* _TASK INPUTS_
=== Begin Enclosure ===

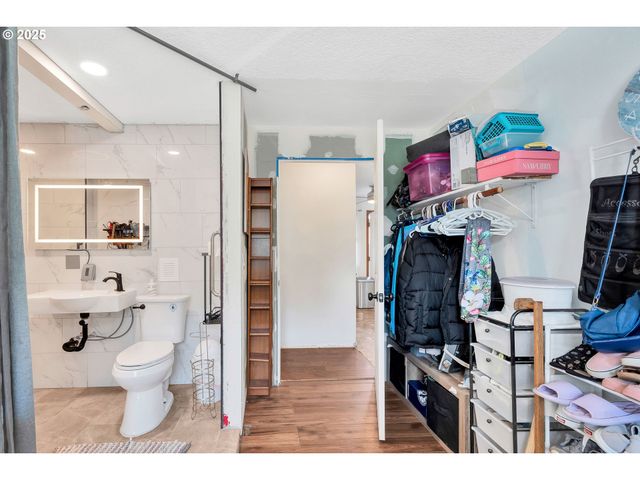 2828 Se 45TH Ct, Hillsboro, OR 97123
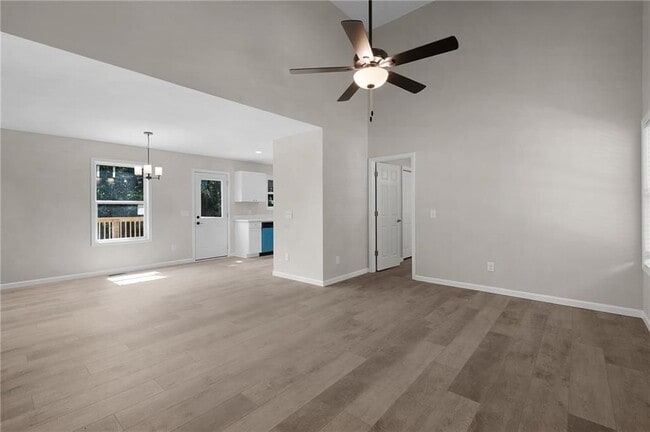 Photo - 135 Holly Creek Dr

=== End Enclosure ===
=== Begin Enclosure ===

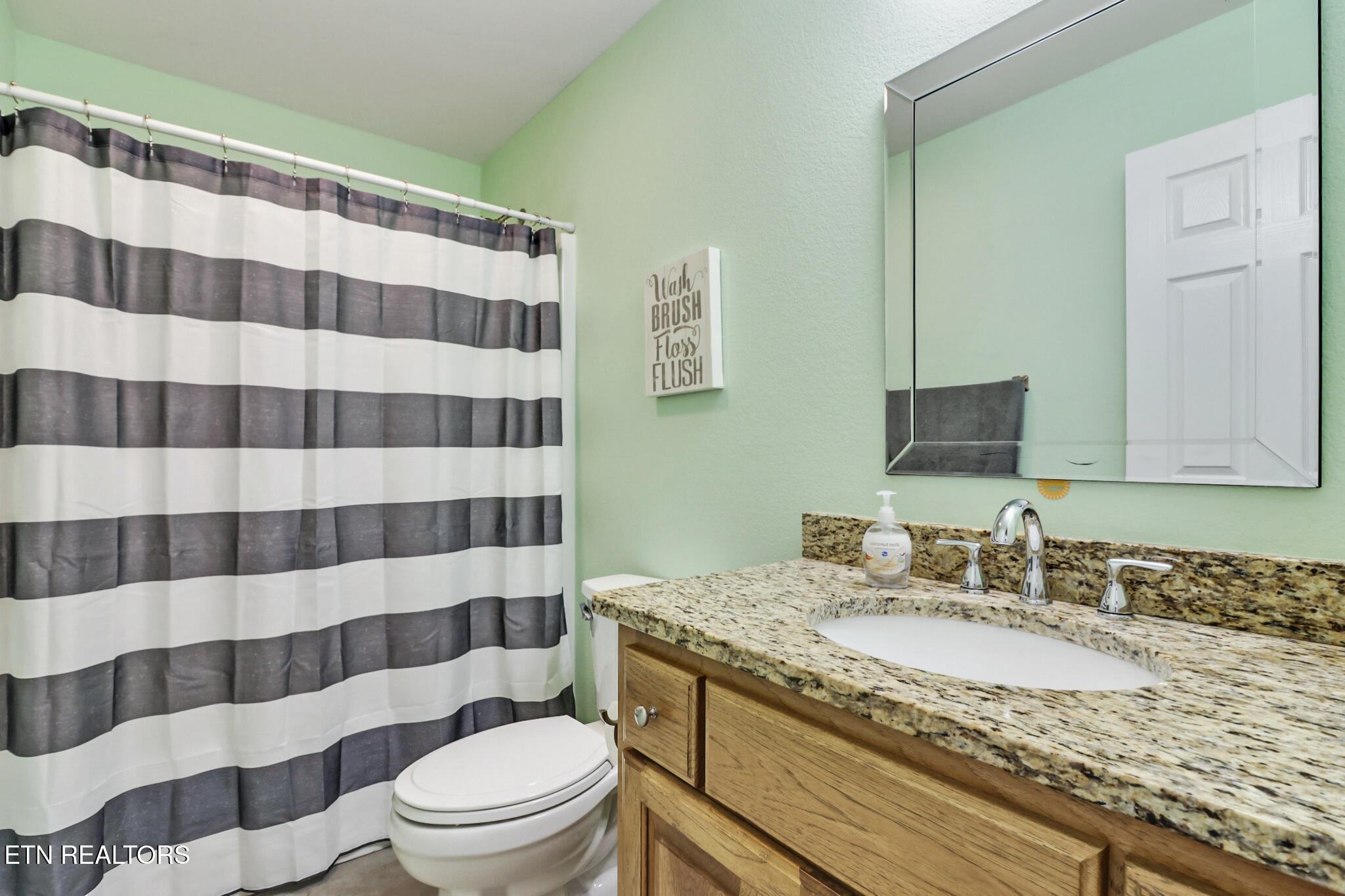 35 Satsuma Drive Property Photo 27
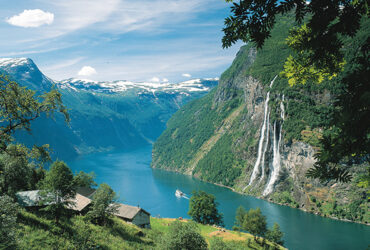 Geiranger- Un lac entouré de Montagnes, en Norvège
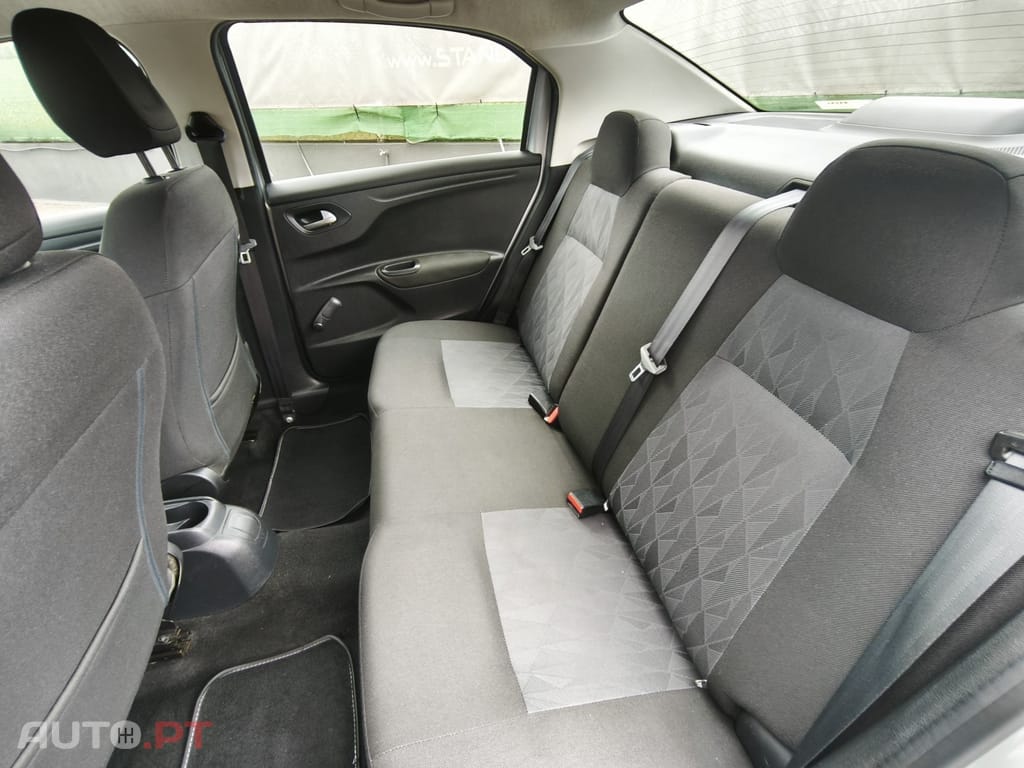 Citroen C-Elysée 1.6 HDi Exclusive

=== End Enclosure ===
=== Begin Enclosure ===

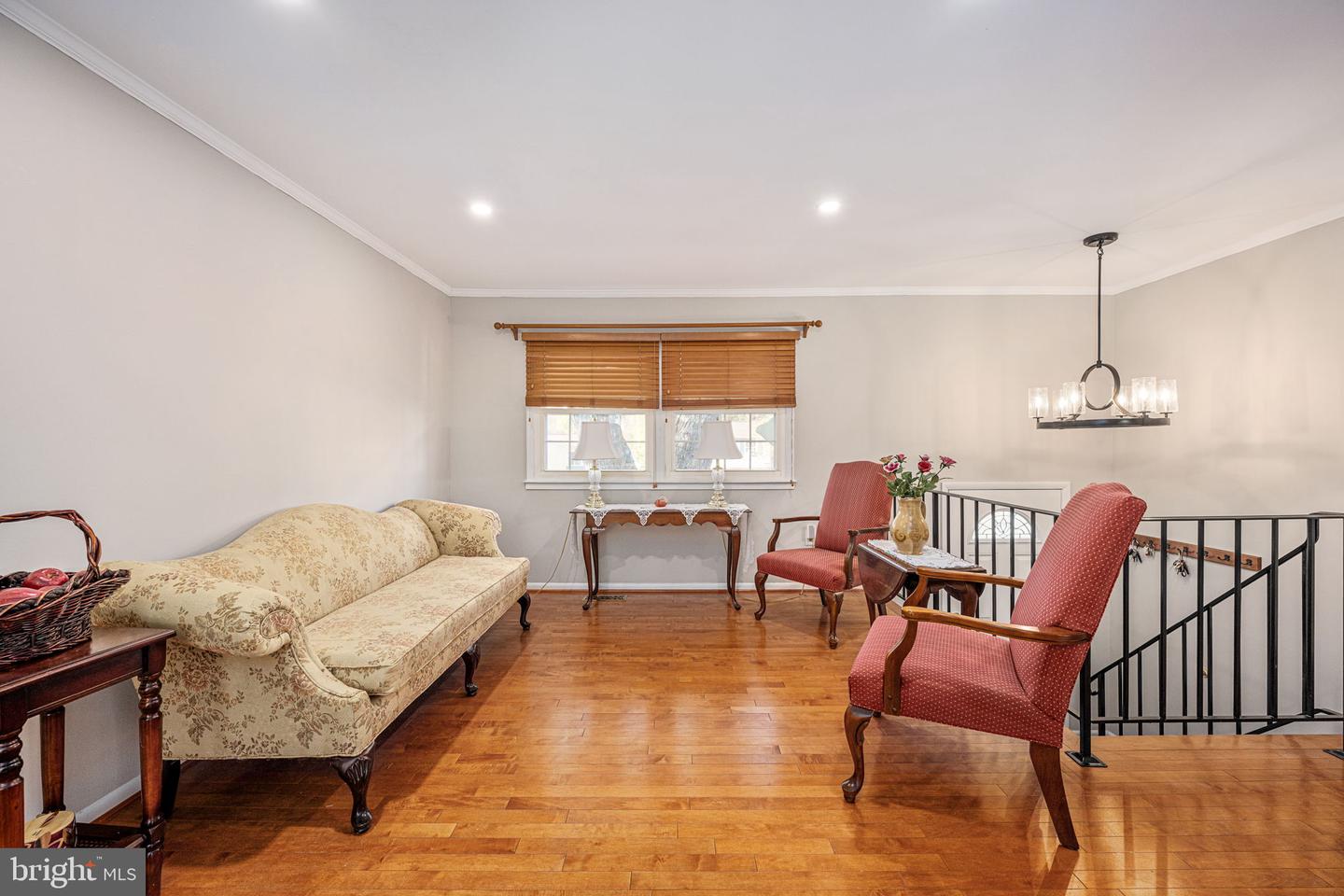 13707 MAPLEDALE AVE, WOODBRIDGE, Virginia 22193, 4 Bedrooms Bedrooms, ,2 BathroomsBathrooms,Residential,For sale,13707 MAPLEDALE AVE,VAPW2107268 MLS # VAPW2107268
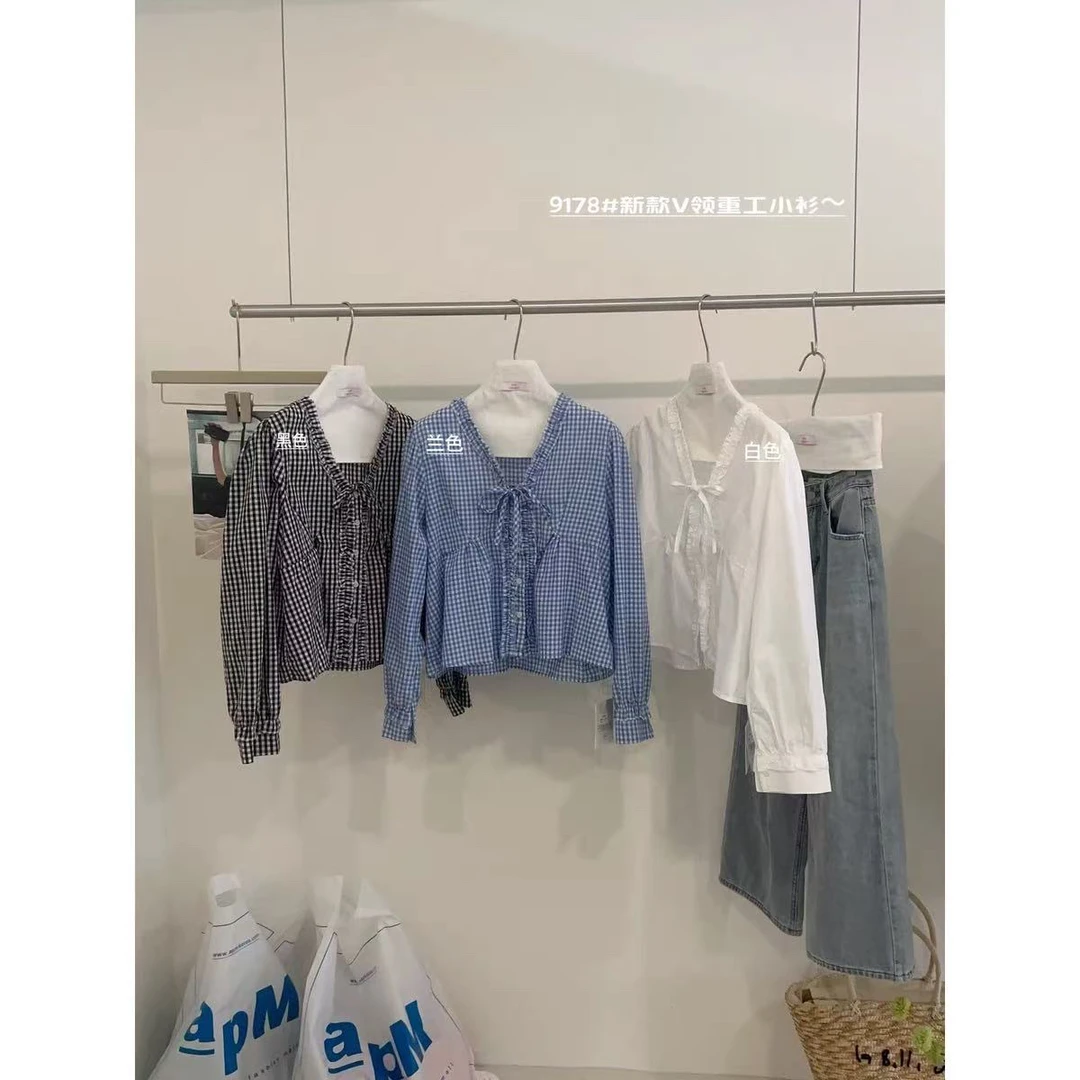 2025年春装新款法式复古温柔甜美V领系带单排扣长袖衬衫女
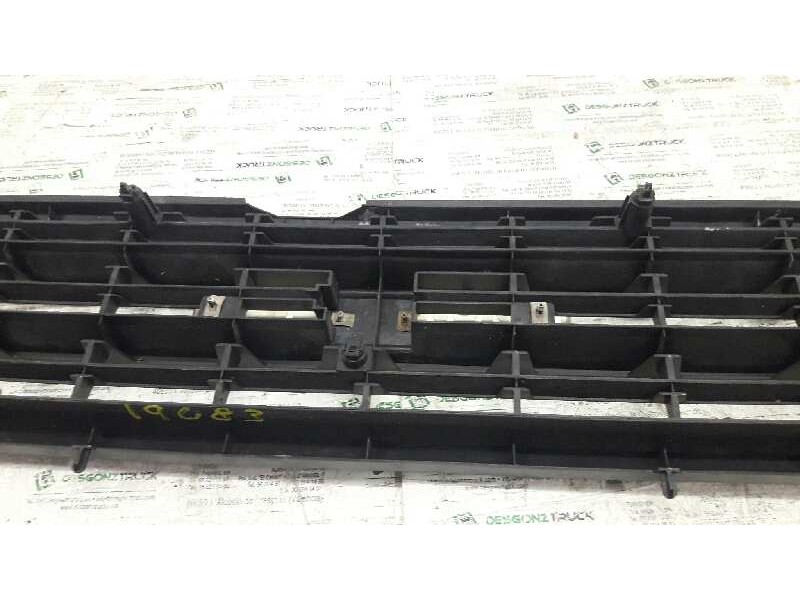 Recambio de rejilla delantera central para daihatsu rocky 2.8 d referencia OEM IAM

=== End Enclosure ===

* _WHAT TO DO_
What you return from the records above should be exactly everything from the line with "2828 Se 45TH Ct, Hillsboro, OR 97123" down to the line with "Photo - 135 Holly Creek Dr", both kept, and no pictures.

* _RESULT OF THIS EXERCISE_
 2828 Se 45TH Ct, Hillsboro, OR 97123
 Photo - 135 Holly Creek Dr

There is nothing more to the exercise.